Kolumne: Gott Und Die Welt O Heiland, reiß die Himmel auf

Anfangs fand ich den Text dieses Kirchenliedes schon ziemlich schräg. Doch seit ich die Geschichte dahinter kenne, singe ich es gerne.

Morgen ist es so weit: Dann endlich passt auch das Kirchenjahr zur seit Wochen zunehmenden vorweihnachtlichen Deko der Innenstädte, Vorgärten und Schaufenster. Morgen ist der erste Advent. Die Adventszeit mag ich sehr - nicht zuletzt wegen solch schöner Lieder wie "Macht hoch die Tür" oder "Tochter Zion". Beim Schreiben komme ich jetzt fast unwillkürlich ins gedankliche Mitsummen. Als Kind und Jugendlicher fand ich ein Adventslied allerdings überhaupt nicht schön: "O Heiland, reiß die Himmel auf, herab, herab vom Himmel lauf ..."

Ich fand den Text dieses Liedes (zu finden übrigens im Evangelischen Gesangbuch unter der Nummer 7 und im Gotteslob unter Nummer 231) schon ziemlich schräg: "Herab, herab vom Himmel lauf ..." Da setzt jemand in himmlischen Sphären zum Sprint an, um sich in unser vorweihnachtliches Getümmel zu stürzen? Darauf konnte ich mir keinen Reim machen. Dieses Lied löste bei mir nichts aus. Keine vorweihnachtliche Stimmung, kein adventlich-erwartungsvolles Bild. Das Lied und ich wurden einfach nicht warm miteinander, was ja schade ist zu einer (Kirchen-)Jahreszeit, in der Wärme und Behaglichkeit den Ton angeben sollten.
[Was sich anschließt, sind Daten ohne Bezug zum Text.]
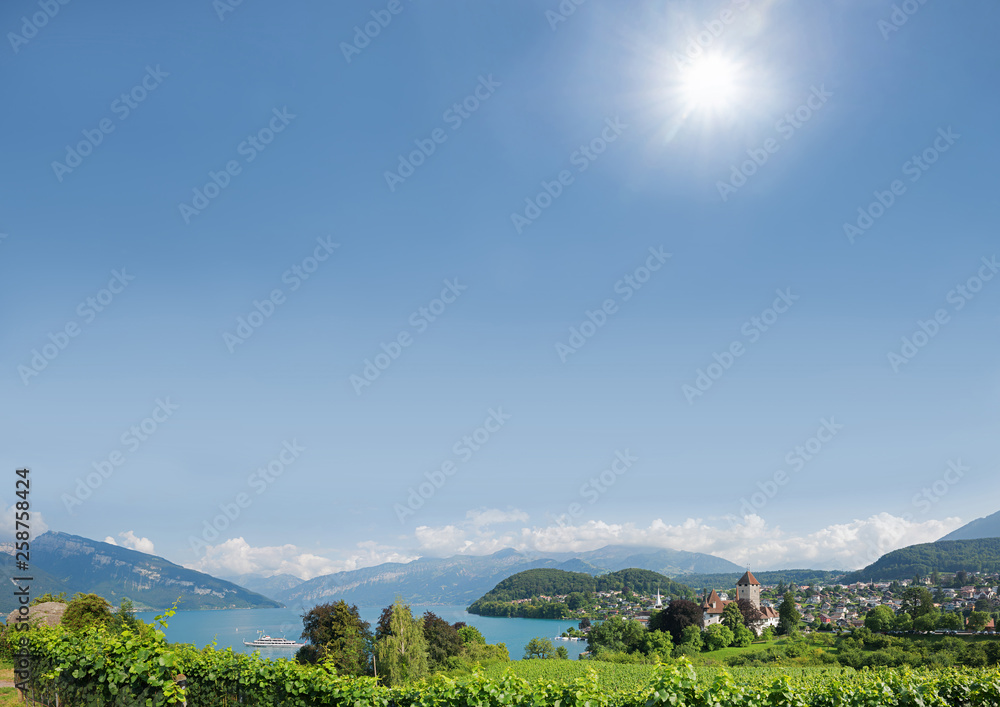 Idyllische Landschaft in Spiez am Thunersee, Hintergrund mit Freifläche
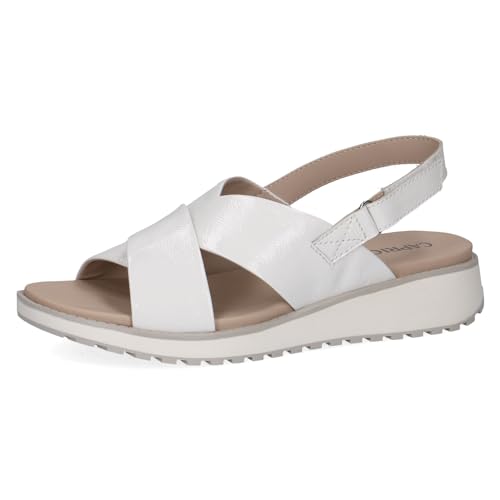 CAPRICE Damen Sandalen flach aus Leder mit Klettverschluss, Weiß (White Naplak), 41 EU von CAPRICE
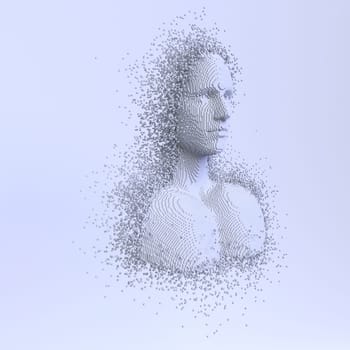 3d render of Abstract voxel human face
Jahre später las ich etwas über Friedrich von Spee, den Verfasser des Liedes. Und weil Lesen bekanntlich meist klüger macht, lernte ich: Graf von Spee lebte von 1591 bis 1635. In dieser Zeit gehörte es - auch das ist ein Stück christlicher Geschichte - zur anerkannten Praxis dazu, dass manche Frauen, die irgendwie aus dem Rahmen fielen oder unkonventionell lebten, als Hexen verfolgt, gefoltert und vielfach sogar verbrannt wurden. Friedrich von Spee, Christ und Priester, hat dieser Barbarei von seinem Glauben her widersprochen. Er wollte diesem unmenschlichen Treiben Einhalt gebieten.

Seit ich das weiß, mag ich dieses alte Adventslied sehr. "O Heiland, reiß die Himmel auf, herab, herab vom Himmel lauf ..." Wenn ich es heute singe, höre ich Friedrich von Spee mit den Worten unserer Zeit: Gott, misch dich endlich ein! Gott, greif ein! Gott, wende es zum Besseren! Hexenverfolgungen gehören - Gott sei Dank - der Vergangenheit an. Aber das jahrhundertealte Spee'sche Lied hat dennoch nichts von seiner Aktualität eingebüßt: Angesichts von Krieg und Terror und millionenfacher Flucht werde ich es in diesem Jahr ganz besonders kräftig singen.

Auch wenn ich vielleicht kein begnadeter Sänger bin, will ich Gott in den Ohren liegen.